These deformations  should be
understood as perturbations of the  symmetry. There are two ways of making
such deformations: on the group of symmetry, either on its associated
universal enveloping algebra [1]; or directly on the algebra itself [2]
(see also [3]). The first type of deformations, also called quantum groups,
has a Hopf algebra structure [1], whereas for the second type (quantum
algebras)
it is not necessarily the case .
The consideration of such algebras is
motivated, for example,  by the resolution of the Yang-Baxter equation,
which appears  in particle or statistical physics [4] amongst others.

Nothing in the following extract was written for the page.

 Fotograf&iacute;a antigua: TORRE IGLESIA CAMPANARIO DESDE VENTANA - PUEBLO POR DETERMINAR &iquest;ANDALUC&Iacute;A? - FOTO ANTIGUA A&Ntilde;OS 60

The quantum algebras, deformed by an $n$ primitive root of
unity $\omega$ should have a $Z_n$ graded structure [2].
It is known that superalgebras [5]
( $Z_2$-graded algebras) are subtended by Clifford algebras or Grassmann
algebras or, in other words, by quadratic forms. Similarily the $\omega$-
deformed algebras  may be understood within the framework of Clifford
algebras of polynomials [6] $C_f$, or $n$-exterior algebra [7]
$\Lambda_n$. These algebras were introduced to allow a linearization of the
$n$-degree polynomial $f$ for the former, and to take the $n$-root of
the null polynomial for the latter. But, in contrast to  the usual
Clifford or Grassmann cases, these algebras are not finite [6,7,8].

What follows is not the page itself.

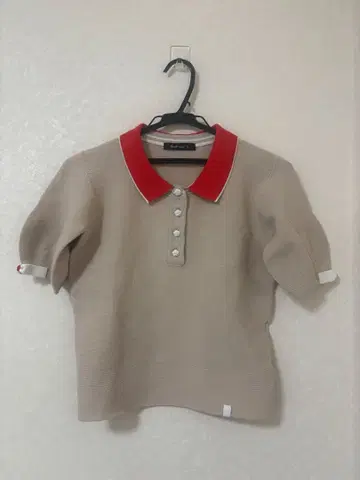 Ren 베이지/빨간색 니트 반팔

However, it has been shown that a finite ( but not faithful) representation
can be obtained
for cubic polynomials [9] or even general ones [10]. The main
property of the $C_f$ algebra is that it can be connected naturally to the
n-exterior algebra [11]. This algebra has, as a finite
(not faithful) representation, the generalized Grassmann algebra [10,12],
which is the fundamental tool to obtain  finite dimensional representations
of $H_\omega(3)$, the $\omega$-deformed Heisenberg algebra [13].
 Let us mention that an n-dimensional representation
has already been obtained in [14]. The content of this paper is
organised as follows. In sect.1 we recall the basic and useful properties of
Clifford algebras of polynomials. Construction of
finite dimensional representations of $H_q(3)$ is carried out
 in sect.2, and that of
 $sl(2)_q$ in sect.3.
 \vskip 1truecm
\noindent
1 -- \underbar{Clifford algebras of polynomials}
\vskip 1truecm
\noindent
Let  $f$ be a homogeneous polynomial of degree n with p variables.
Its associated $C_f$ is generated by the p elements $g_i$ ($i=1 \cdots p$)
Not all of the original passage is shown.